======== Working data

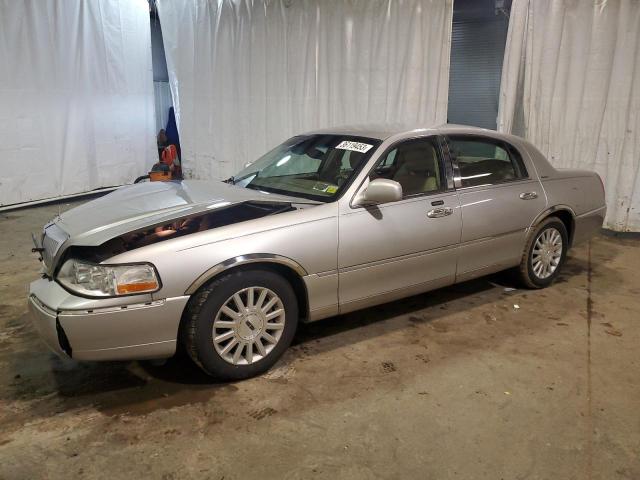 LINCOLN TOWN CAR E 2004 with VIN 1LNHM81WX4Y628272 - Photo from auction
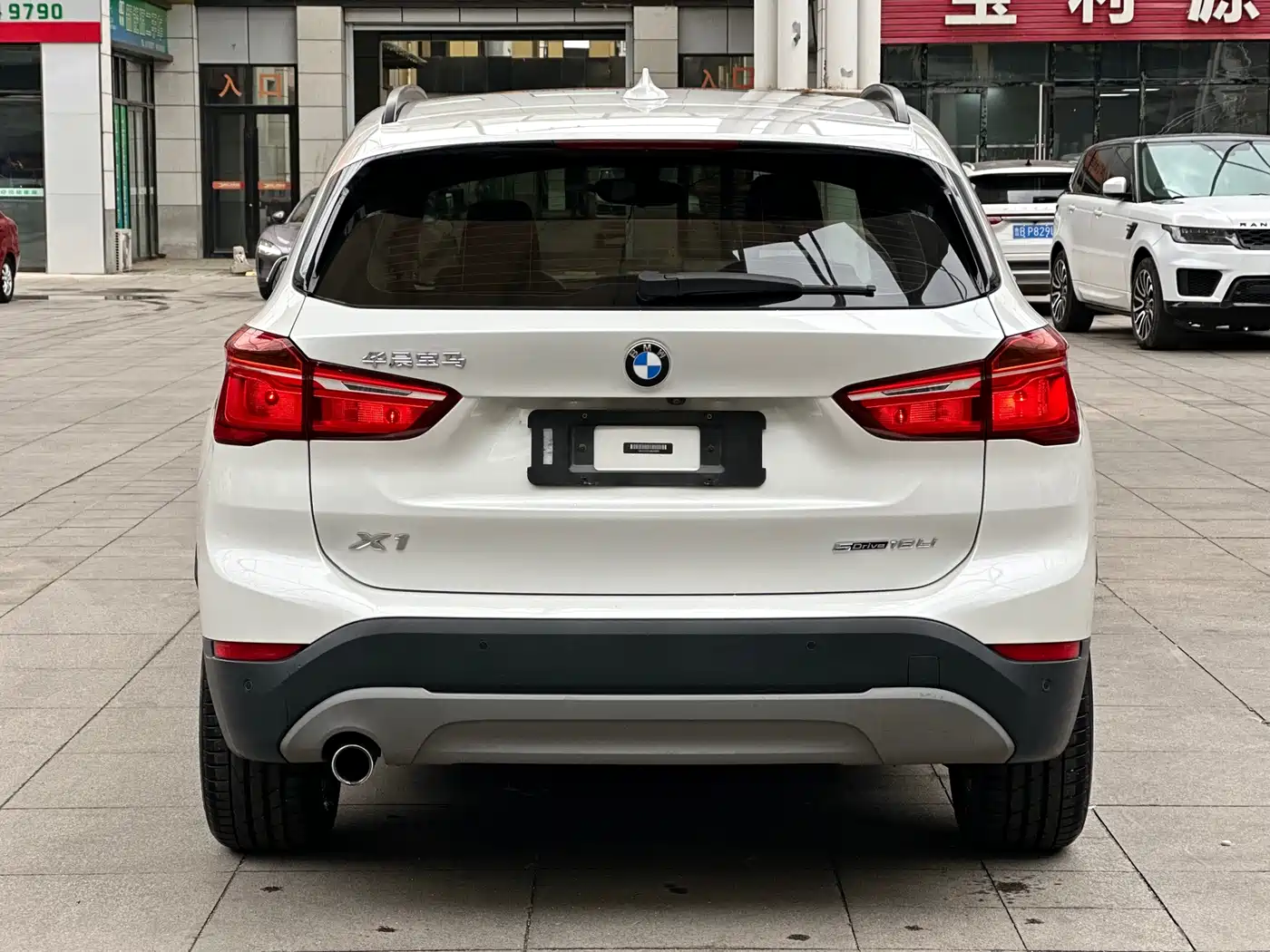 BMW X1 2018 sDrive18Li Fashion Model фото 8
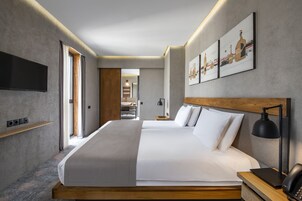 Double or Twin Room (Corner)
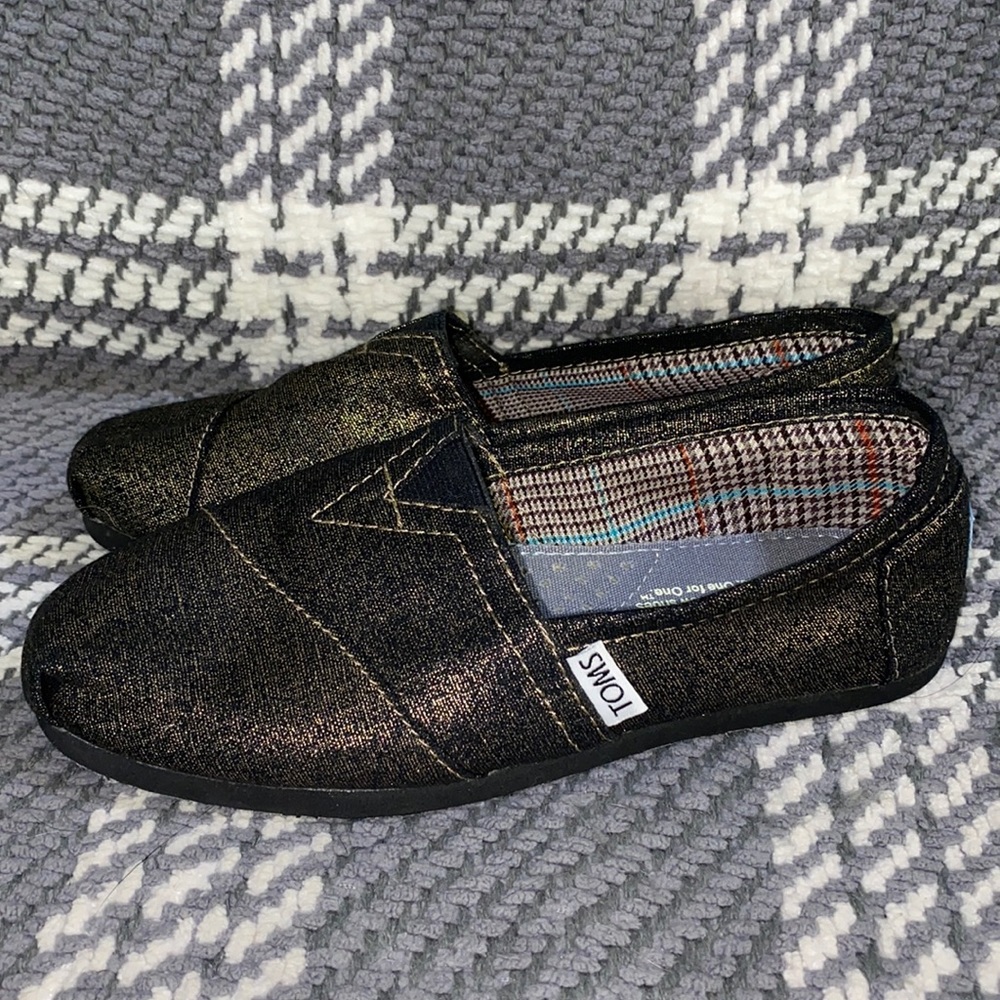 Women’s TOMS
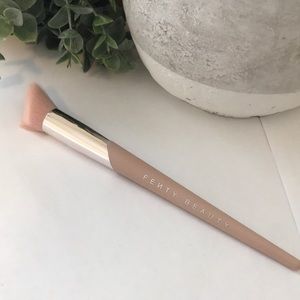Fenty Highlighter Brush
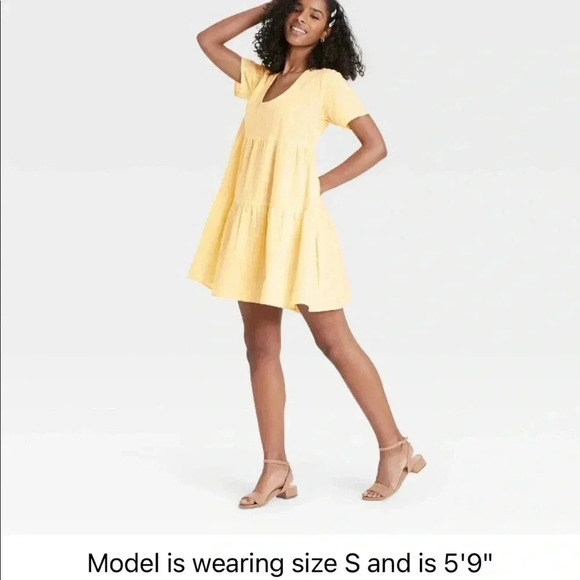 Cute and flowy dress - Picture 1 of 3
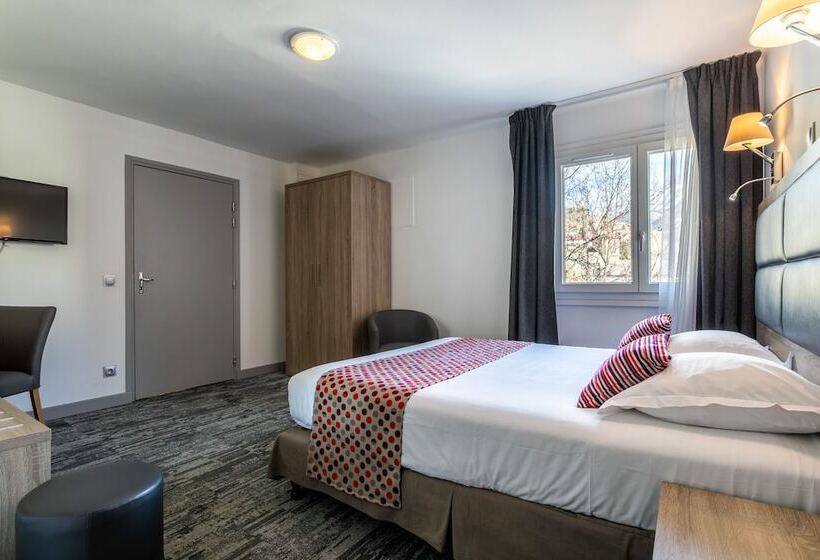 هتل Hôtel Vauban Briançon Serre Chevalier
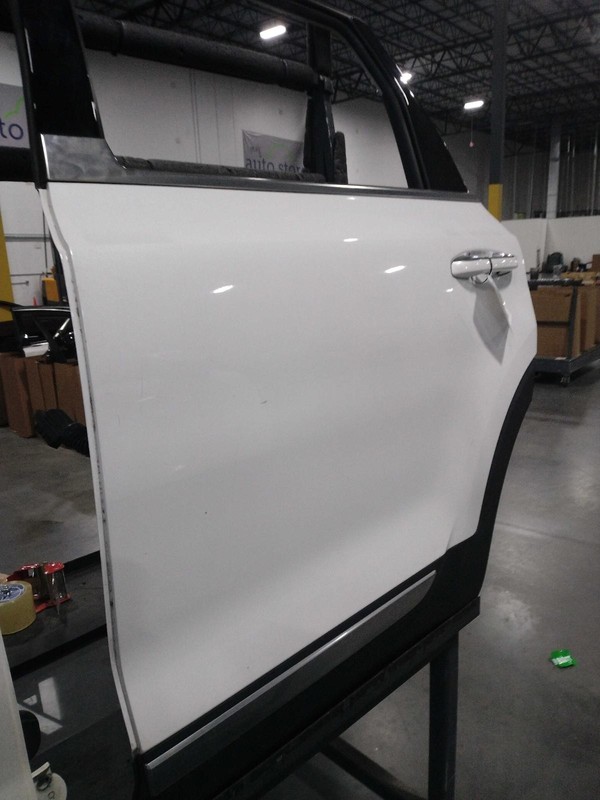 2021 KIA Telluride Left Door White 4DR SUV Good Condition No Rust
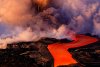 Galerie foto spectaculoasă cu erupţia celui mai activ vulcan de pe Terra. Lava a ajuns în Ocean 180219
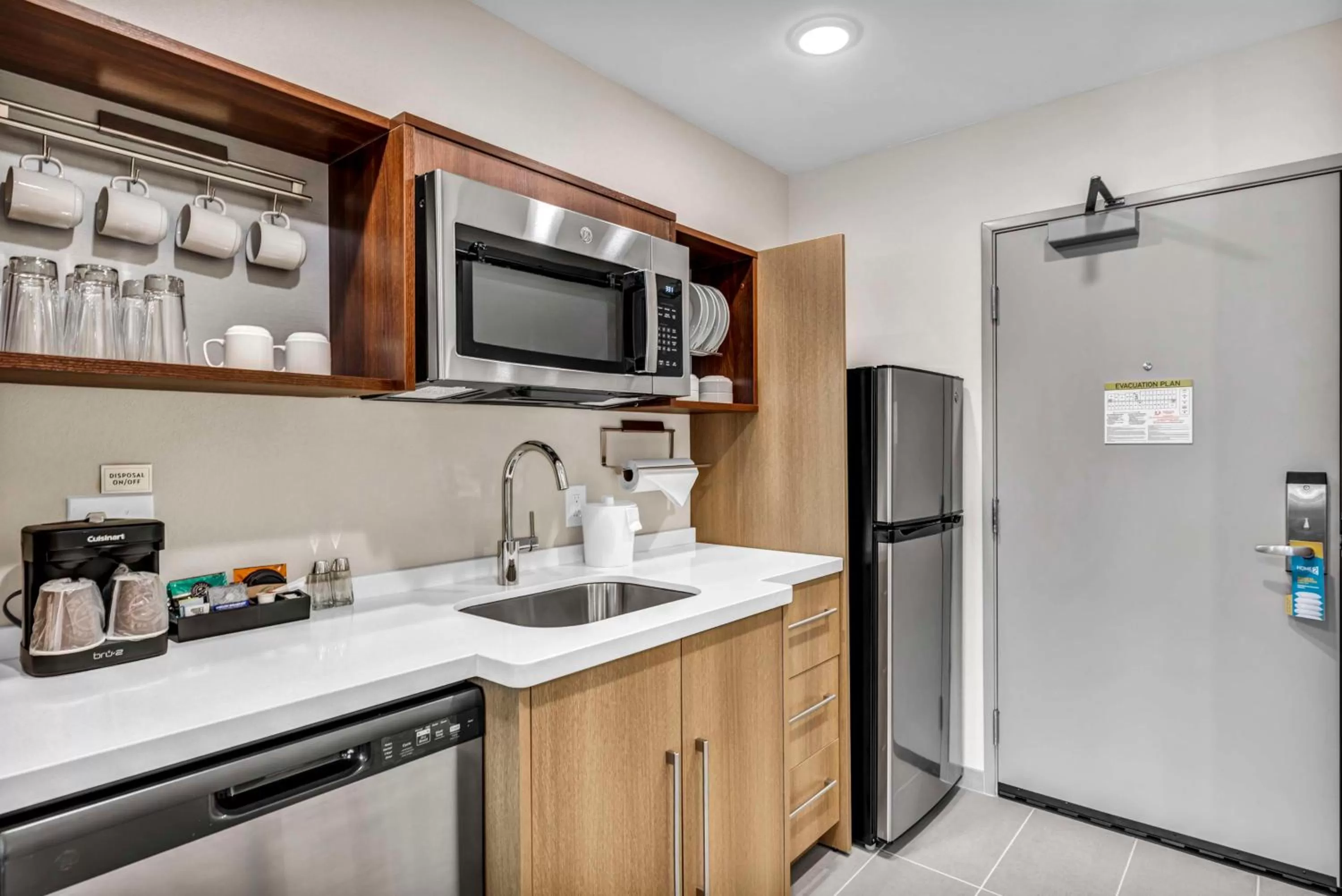 Kitchen or kitchenette in Home2 Suites by Hilton Raleigh West Lenovo Center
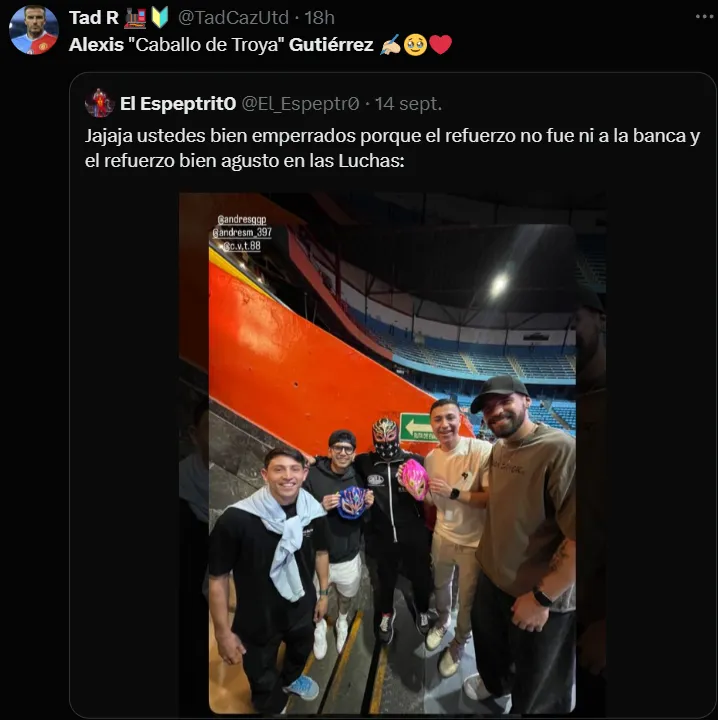 Afición reaccionó a Alexis Gutiérrez con jugadores de Cruz Azul viendo lucha libre. (X)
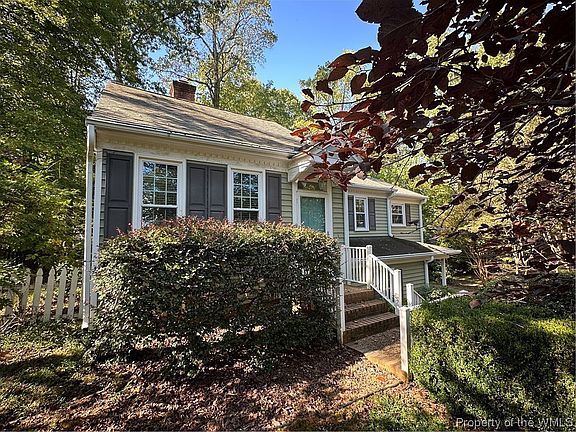 3rd image of 3328 New Castle Dr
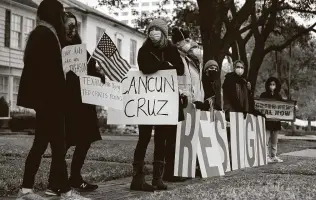  ?? Marie D. De Jesús / Staff photograph­er ?? Demonstrat­ors stand in front of U.S. Sen. Ted Cruz’s home in Houston demanding his resignatio­n Thursday. Cruz has been criticized for flying to Cancún with his family while Texas is in crisis.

================

* Task statement: With the line containing "BMW X1 2018 sDrive18Li Fashion Model фото 8" as the first line and the last line of the listing as the final one, reproduce that span exactly, without pictures.

* Response area:
 BMW X1 2018 sDrive18Li Fashion Model фото 8
 Double or Twin Room (Corner)
 Women’s TOMS
Fenty Highlighter Brush
 Cute and flowy dress - Picture 1 of 3
 هتل Hôtel Vauban Briançon Serre Chevalier
 2021 KIA Telluride Left Door White 4DR SUV Good Condition No Rust
 Galerie foto spectaculoasă cu erupţia celui mai activ vulcan de pe Terra. Lava a ajuns în Ocean 180219
 Kitchen or kitchenette in Home2 Suites by Hilton Raleigh West Lenovo Center
 Afición reaccionó a Alexis Gutiérrez con jugadores de Cruz Azul viendo lucha libre. (X)
 3rd image of 3328 New Castle Dr
  ?? Marie D. De Jesús / Staff photograph­er ?? Demonstrat­ors stand in front of U.S. Sen. Ted Cruz’s home in Houston demanding his resignatio­n Thursday. Cruz has been criticized for flying to Cancún with his family while Texas is in crisis.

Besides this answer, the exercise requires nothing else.